Turquie. La décision d’arrêter de nouveau l’écrivain Ahmet Altan est scandaleusement injuste

En réaction à une décision de justice demandant l’arrestation de l’écrivain Ahmet Altan une semaine seulement après sa libération de prison, où il a passé plus trois ans en détention provisoire, Marie Struthers, directrice d’Amnesty International pour l’Europe, a déclaré :

« Nous sommes scandalisés d’apprendre qu’Ahmet Altan va de nouveau être arrêté à la suite de l’appel du parquet contre sa libération. 

« Cet homme a été poursuivi, emprisonné et condamné sans la moindre preuve, uniquement en raison de ses opinions. Il est impossible de voir dans cette décision autre chose qu’une nouvelle sanction visant à le punir de sa détermination à ne pas se laisser réduire au silence, punition qui vient s’ajouter à la liste scandaleuse des injustices qu’il a déjà subies.

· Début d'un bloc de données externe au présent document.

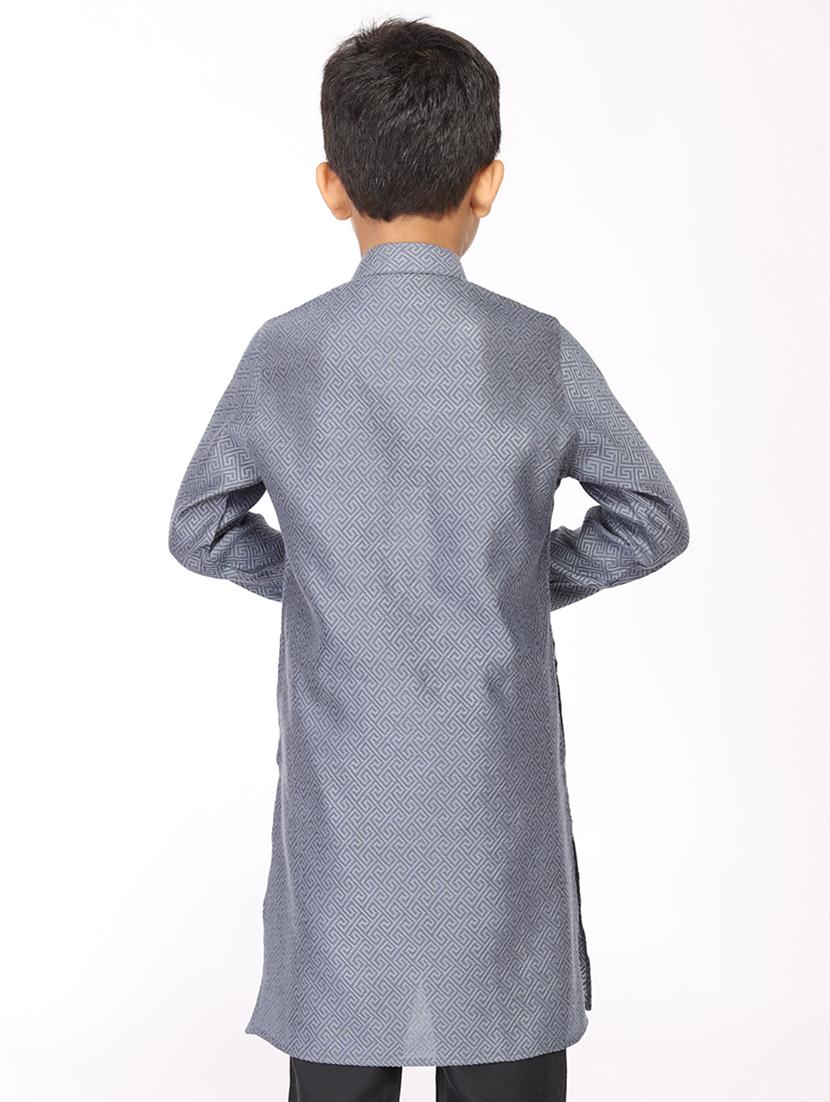 blue cotton kurta set - 17442072 - Zoom Image - 3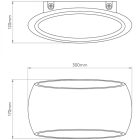 Astro design lámpa Aria 300 IP20 vakolat mag 170cm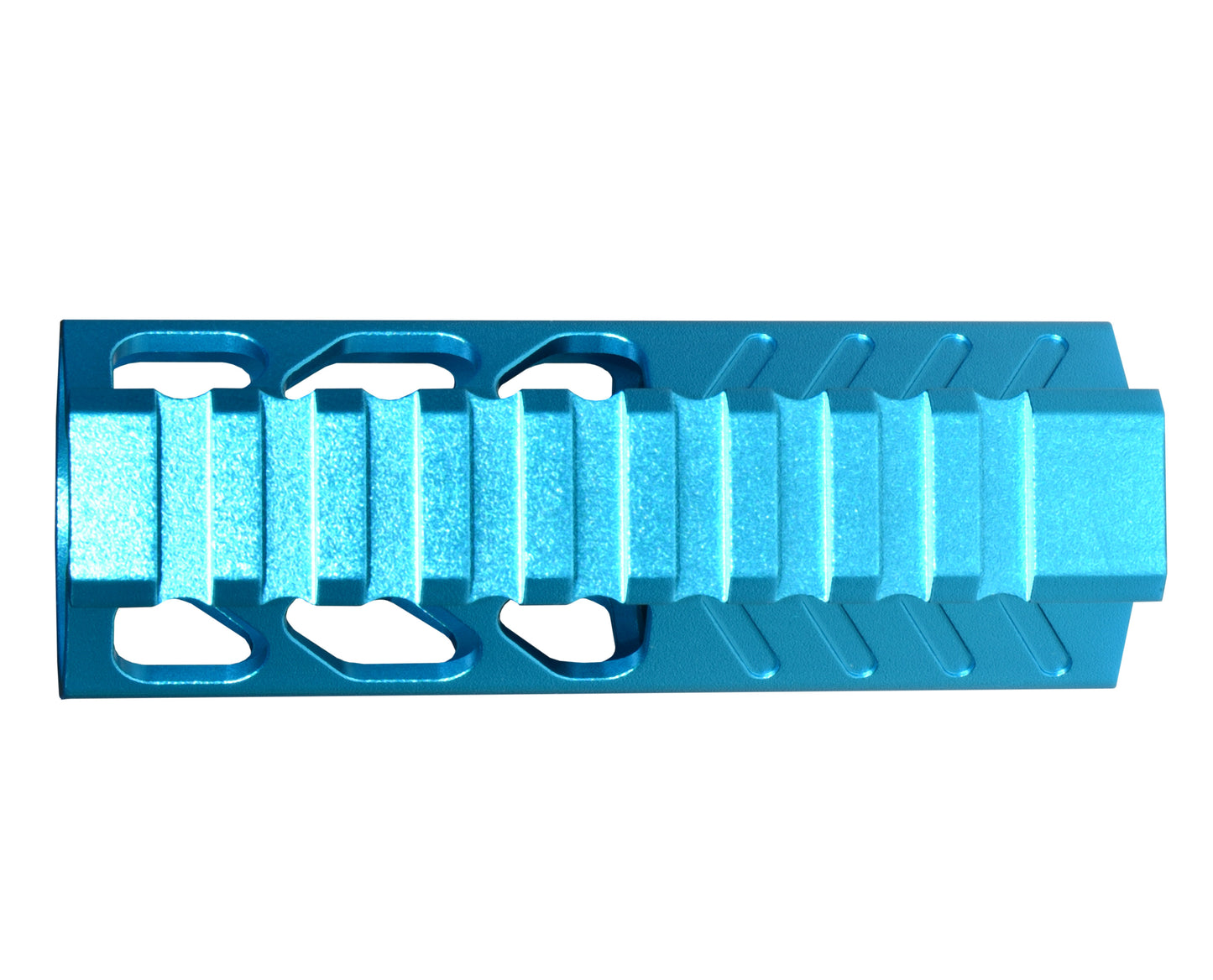Super Slim 4.2" Pistol Length M-LOK Free Float Handguard for AR-15 and AR Pistols, Blue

Nous sommes scandalisés d'apprendre qu'Ahmet Altan va de nouveau être arrêté à la suite de l’appel du parquet contre sa libération.

Marie Struthers, directrice d'Amnesty International pour l'Europe

« Ahmet Altan n’a commis aucun crime. Il a été libéré lundi 4 novembre 2019 sur décision unanime du tribunal. Les trois années qu’il a passées en détention provisoire découlent d’une parodie de justice, tout comme la peine à laquelle il a été condamné. Il faut mettre un terme à cette mascarade judiciaire, qui est emblématique d’une période où les procès-spectacles motivés par des considérations politiques sont devenus la norme. Ahmet Altan doit être autorisé à rester chez lui avec sa famille et la peine absurde qui lui a été infligée doit être annulée. »

Il faut mettre un terme à cette mascarade judiciaire, qui est emblématique d'une période où les procès-spectacles motivés par des considérations politiques sont devenus la norme.

Marie Struthers, Amnesty International

Ahmet Altan et son avocat ont appris cette décision dans les médias progouvernementaux, mais ils n’en ont toujours pas été informés directement.

COMPLÉMENT D’INFORMATION

Le 4 novembre 2019, Ahmet Altan et sa collègue écrivaine Nazlı Ilıcak ont été condamnés respectivement à 10 ans et demi et huit ans et neuf mois de prison, sur la base d’accusations absurdes d’« aide apportée sciemment et volontairement à une organisation terroriste ». Tous deux ont été libérés par la cour pénale spéciale n° 26 d’Istanbul, avec interdiction de quitter le pays, en attendant l’examen de leurs recours. Le tribunal a aussi injustement déclaré coupables trois autres personnes, dont deux travaillant dans les médias, jugeant qu’elles devaient être maintenues en détention provisoire.

Le parquet a fait appel de la libération d’Ahmet Altan le 6 novembre. Le 8 novembre, la cour pénale spéciale n° 26, qui avait jugé l’affaire, a rejeté la demande de réincarcération d’Ahmet Altan formulée par le parquet, renvoyant l’affaire devant la cour pénale spéciale n° 27, qui s’est prononcée sur l’appel du parquet mais a refusé de communiquer sa décision à l’avocat de l’écrivain.

Ahmet Altan et Nazlı Ilıcak sont restés plus de trois ans en détention provisoire sur des accusations fallacieuses. Ils ont d’abord été poursuivis pour avoir « tenté de renverser l’ordre constitutionnel » et condamnés à la réclusion à perpétuité sans possibilité de libération conditionnelle. Ils ont ensuite fait l’objet d’une deuxième procédure pour des accusations de terrorisme, à la suite d’une décision de la Cour d’appel suprême annulant leurs condamnations en juillet 2019. Le frère d’Ahmet Altan, Mehmet Altan, universitaire lui aussi poursuivi dans la même affaire, a quant à lui été acquitté par la cour pénale spéciale, conformément à la décision de la Cour d’appel suprême.